Pictures aside, return every line below exactly as written.

# # # #

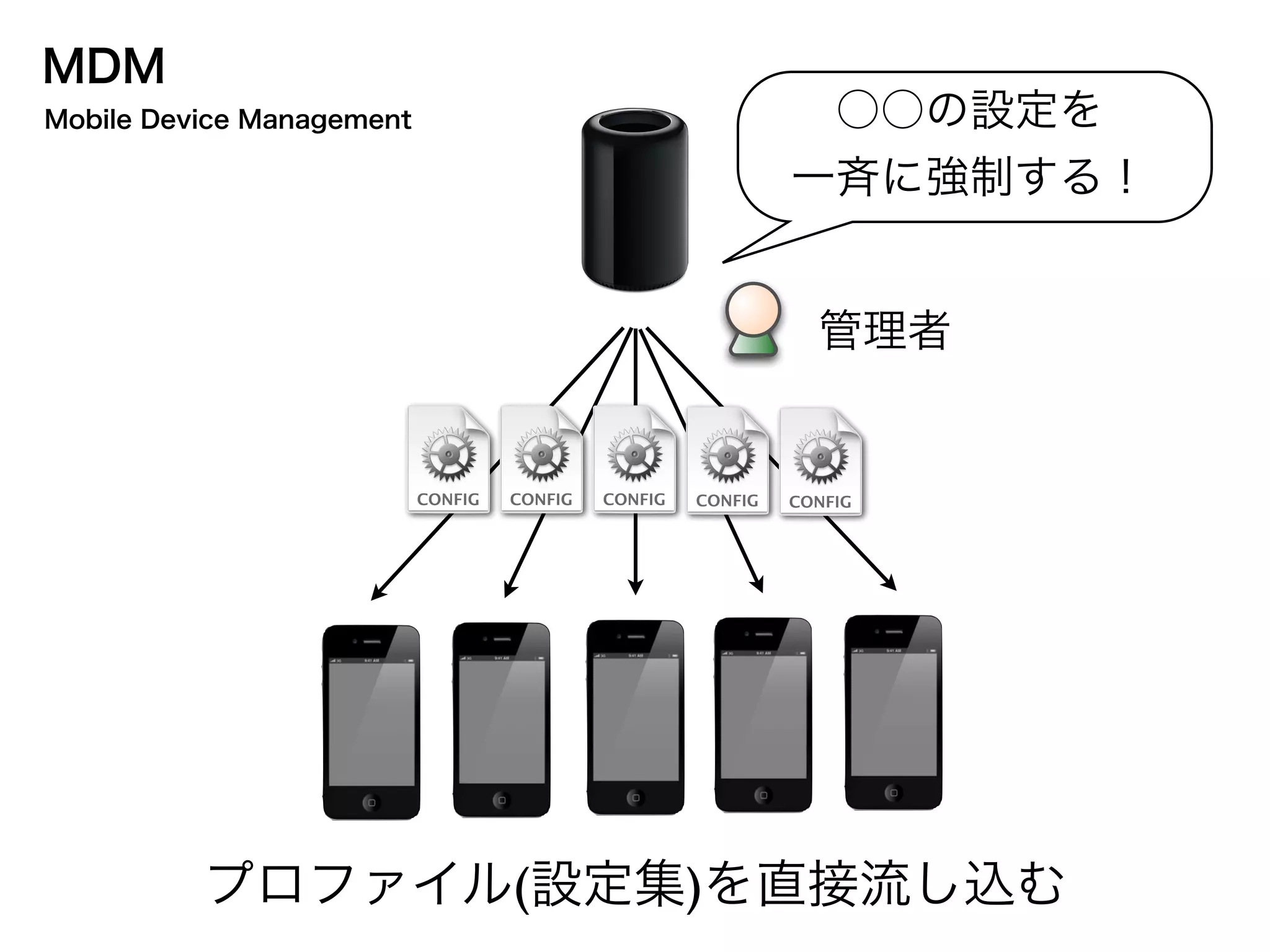 プロファイル(設定集)を直接流し込む
管理者
Mobile Device Management
MDM
○○の設定を
一斉に強制する！
 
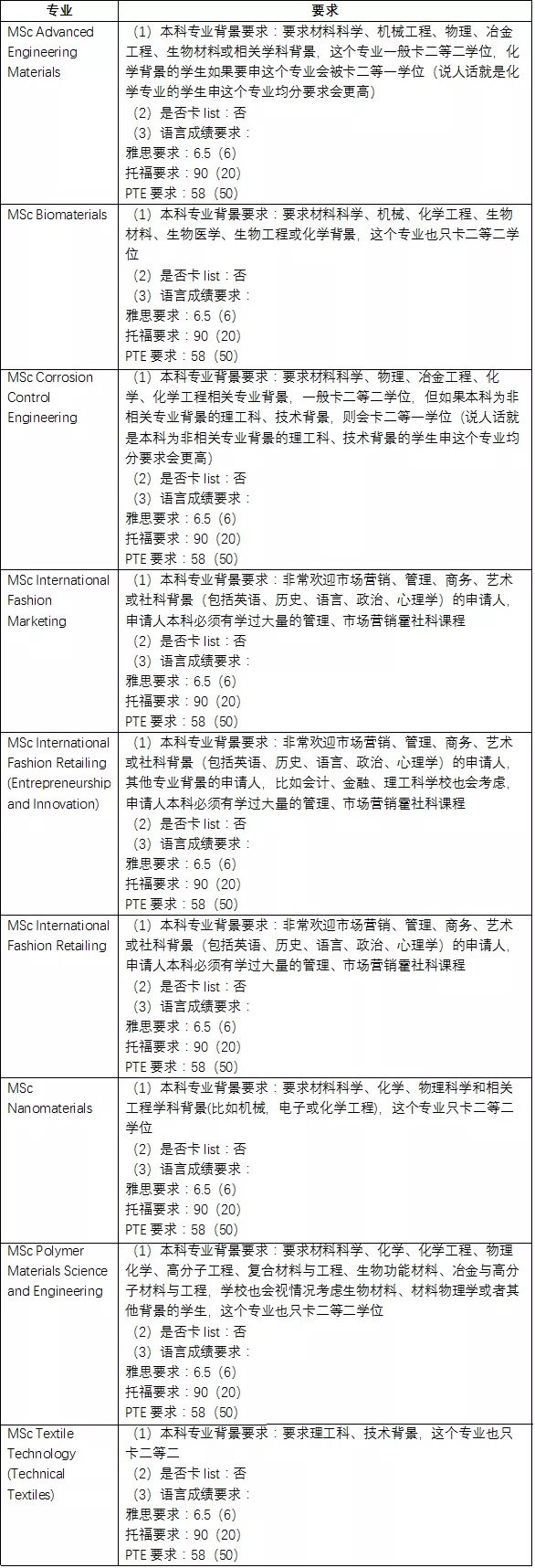 硕士专业及申请要求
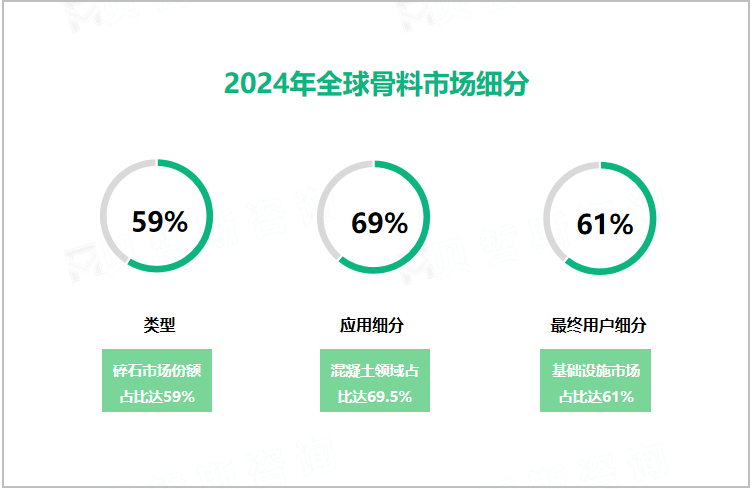 2024年全球骨料市场细分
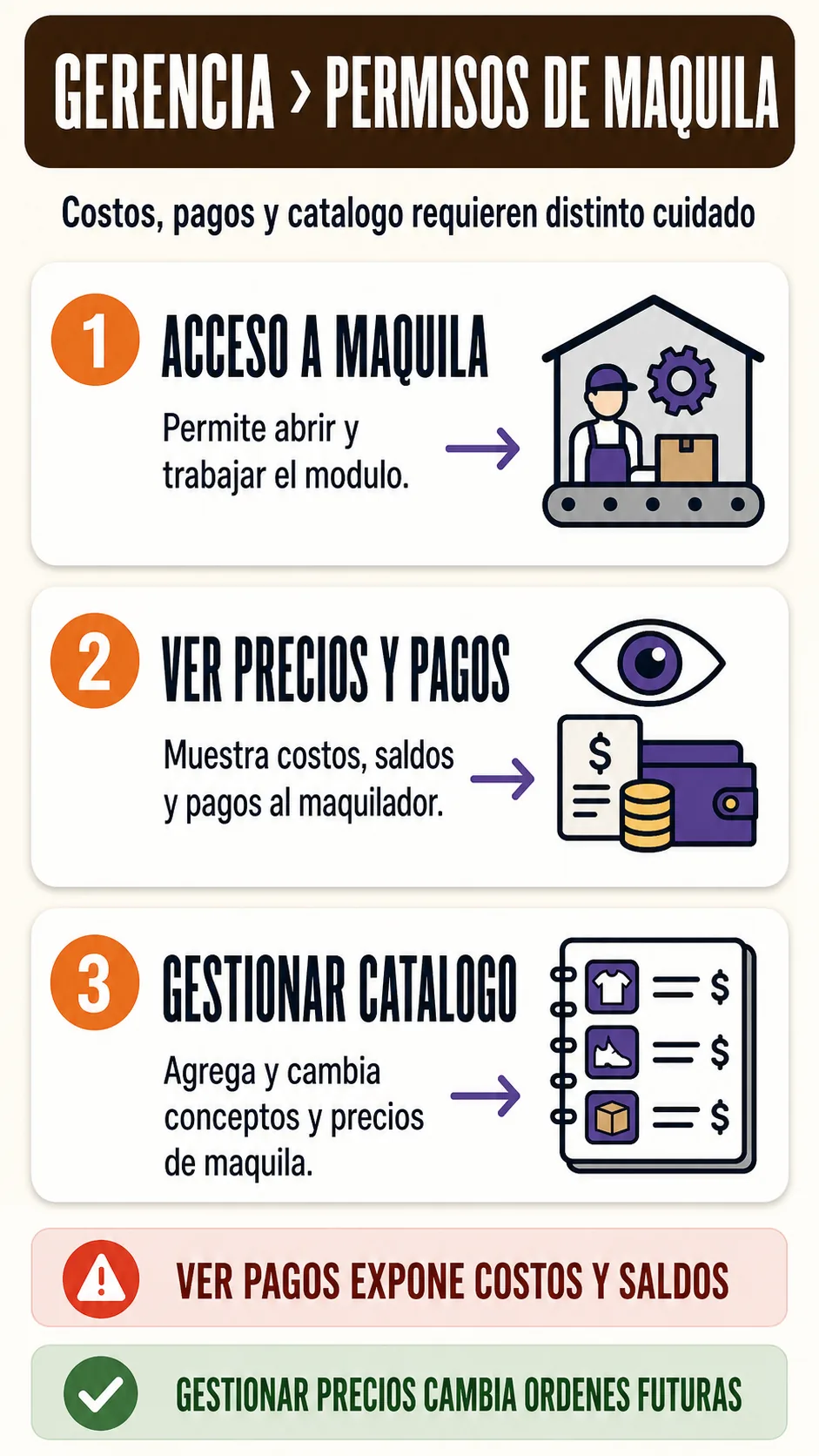 Controles y cuidados de configurar permisos de maquila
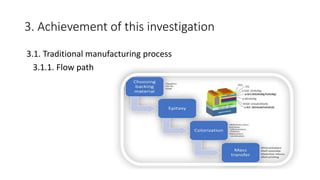 3. Achievement of this investigation
3.1. Traditional manufacturing process
3.1.1. Flow path
 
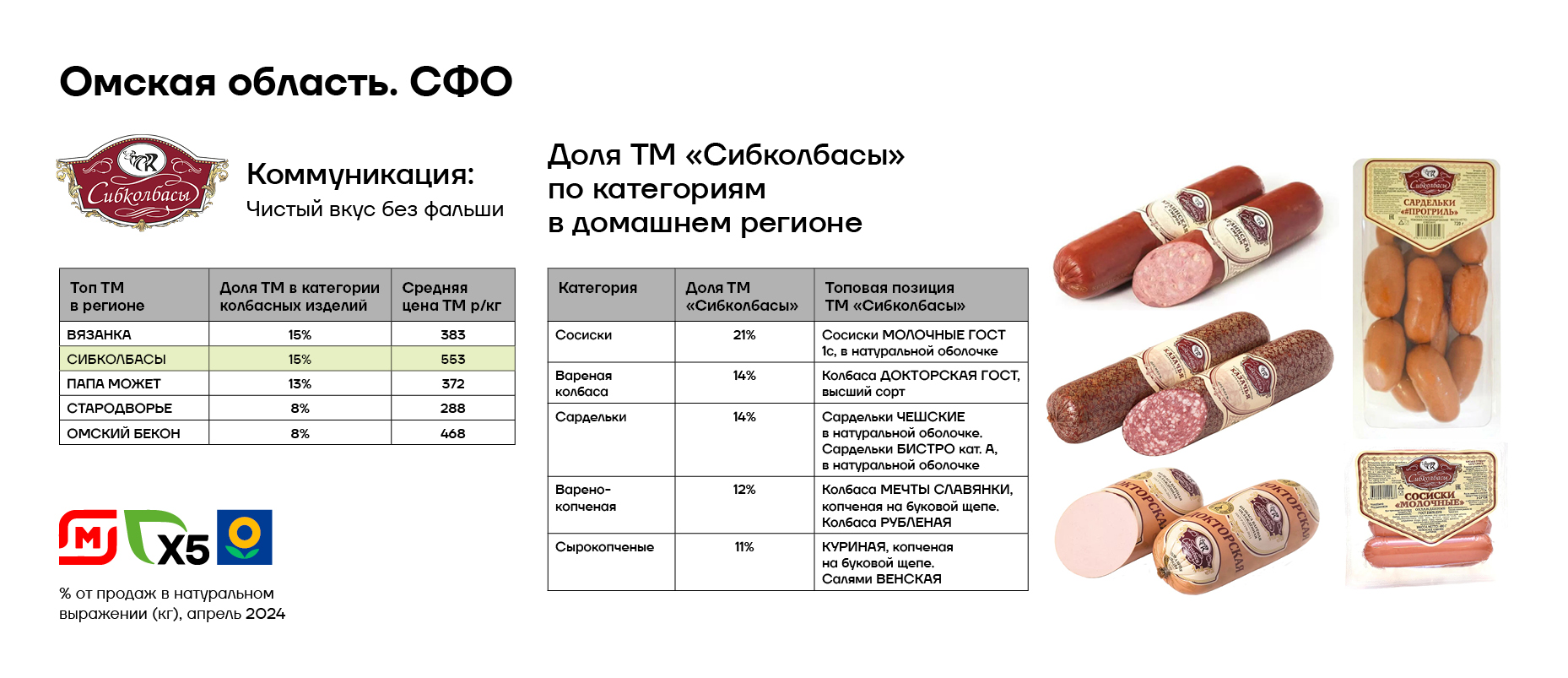 Колбасы и деликатесы4.jpg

# # # #

Output:
 プロファイル(設定集)を直接流し込む
管理者
Mobile Device Management
MDM
○○の設定を
一斉に強制する！
 
 硕士专业及申请要求
 2024年全球骨料市场细分
 Controles y cuidados de configurar permisos de maquila
 3. Achievement of this investigation
3.1. Traditional manufacturing process
3.1.1. Flow path
 
 Колбасы и деликатесы4.jpg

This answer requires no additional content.